Experiencing life at 7 knots (8.4 mph) for two weeks on a sailboat gave me a chance to ponder. So why cast off the dock lines, leave one of the best, if not the best, marina on the Great Lakes and make myself vulnerable to the uncertainties of wind and weather? Why not stay put and enjoy the hot tub, swimming pool, marble restrooms and showers, washer/dryer facilities and the friendship and camaraderie of my fellow “crazy” dock mates? The reason is adventure, going into the unknown, chasing the dream over the horizon, curiosity, overcoming obstacles and above all else, having fun. A world without time was created when two days into my annual sailing sabbatical, my battery-powered electric watch quit working. It was the perfect symbolic manifestation of my desire to get away and think, unencumbered by the usual day-to-day. Sometimes it’s important to slip our moorings and get away from the dock.
Meanwhile, back on the “hard,” I am getting used to driving at 70 mph and seeing the world zoom by without giving the flower along the road a second look.

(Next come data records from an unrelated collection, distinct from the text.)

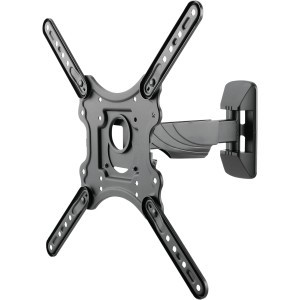 Schwaiger TV-Wandhalterung, neig-, schwenk- & drehbar für Flachbildschirme bis 35 kg.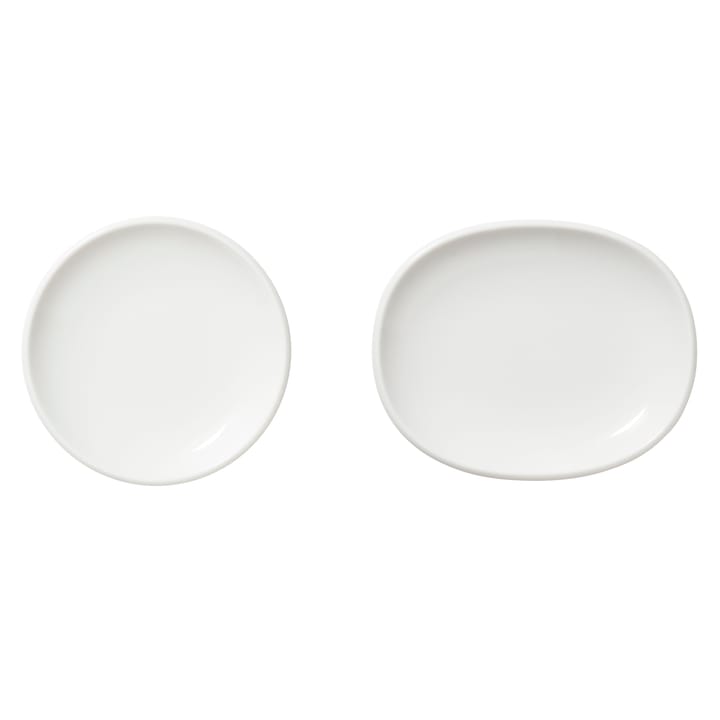 라미 접시 2 개 - white - Iittala | 이딸라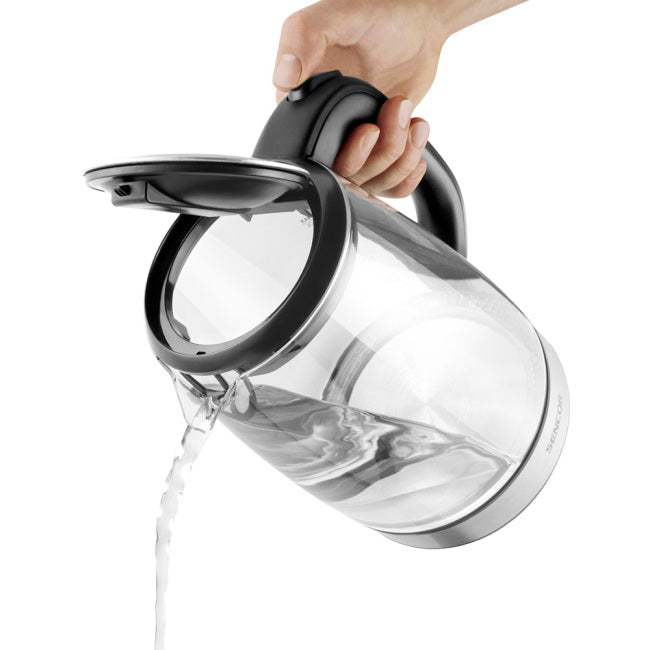 SENCOR Vattenkokare Glas, 2 Liter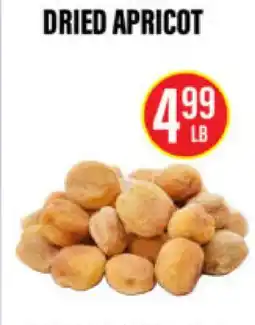 Noble Fresh Foods DRIED APRICOT offer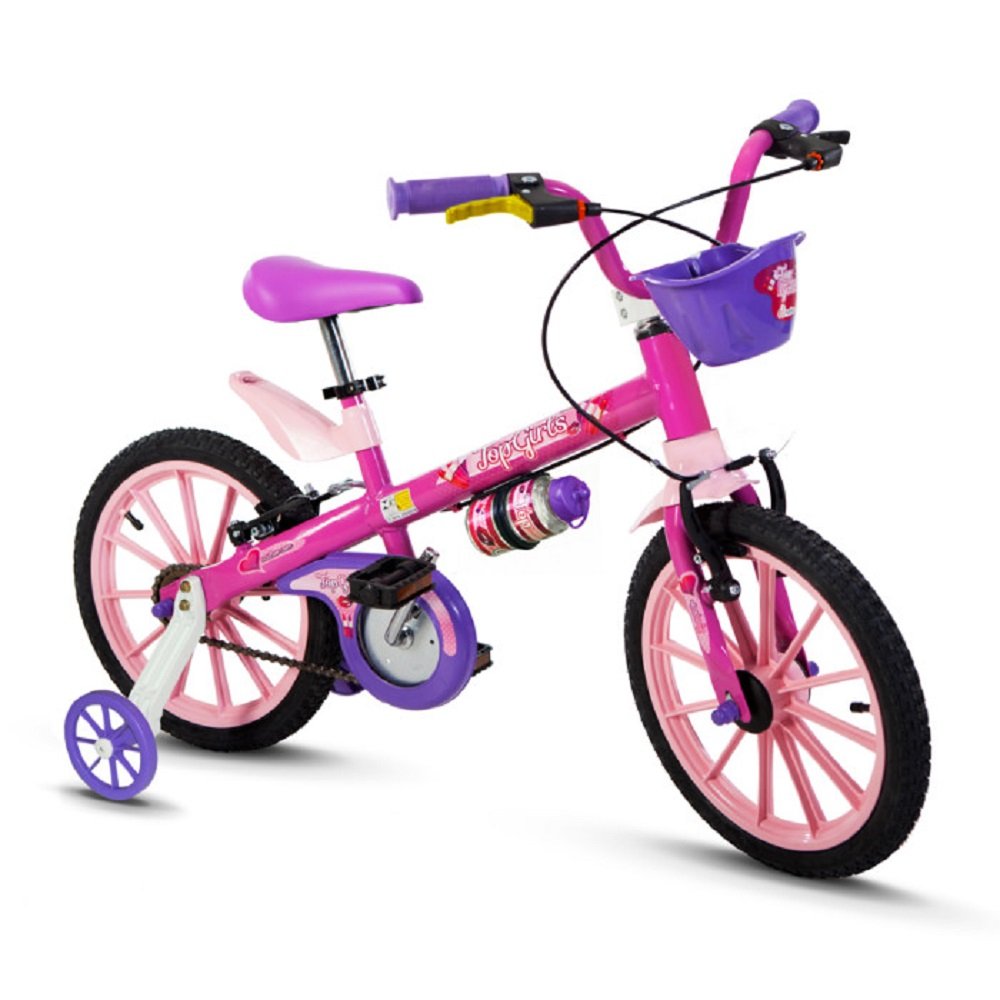Bicicleta Aro 16 Top Girls Nathor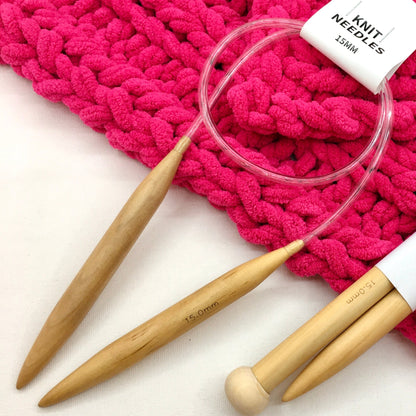 15mm circular knitting needles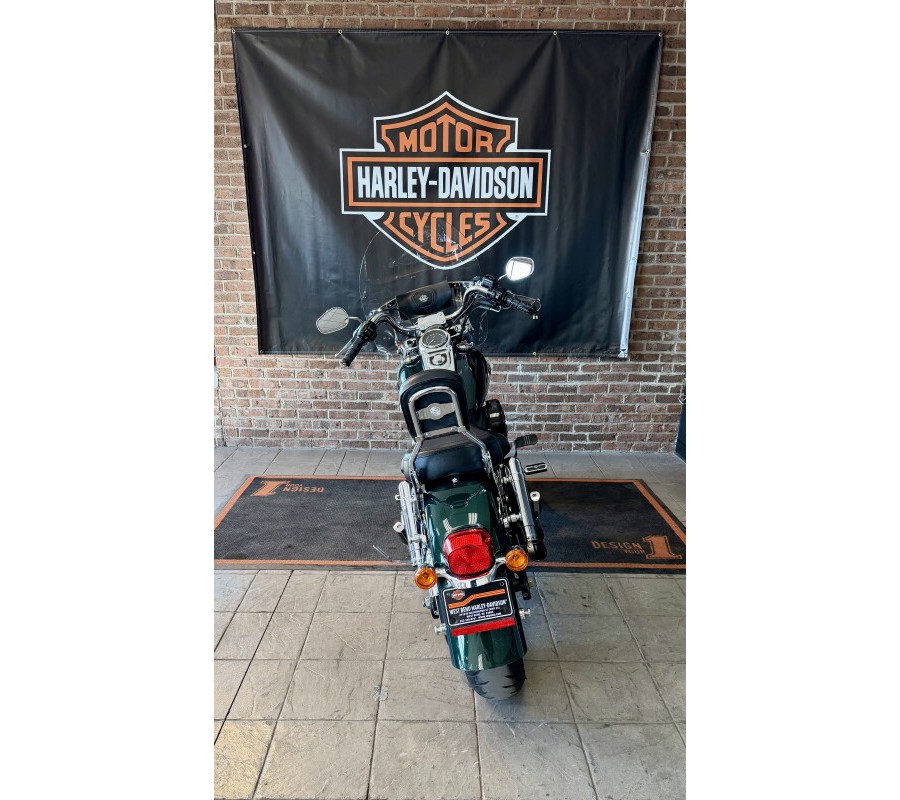 2016 Harley-Davidson Switchback FLD Deep Jade Pearl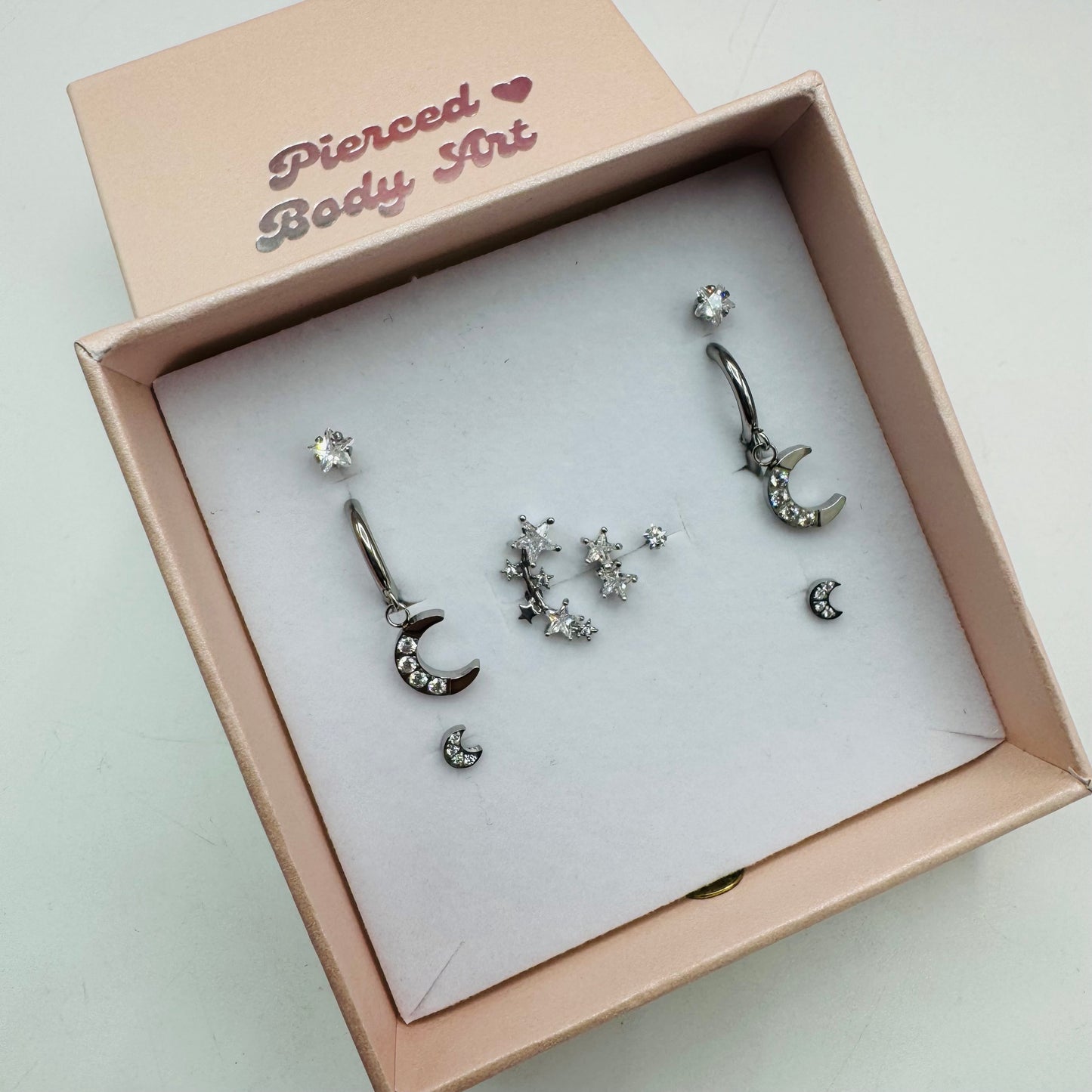 GALAXY & STARS EAR STYLING BUNDLE BOX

My melancholy about the end of the trip is waning as I return to my semi-conscious state to await the next opportunity to cast off the dock lines and head out for another adventure in the world of business and/or on the Great Lakes.
In one of those business adventures, I’m continuing my learning by attending the pilot design workshop conducted by the Design Academy, a program of Design West Michigan, a WIRED-funded experiment in the use of design by local firms as a global competitive advantage. Hats off to Lakeshore Advantage, one of our local economic development organizations, for introducing many West Michigan companies to the use of design as a competitive strategy.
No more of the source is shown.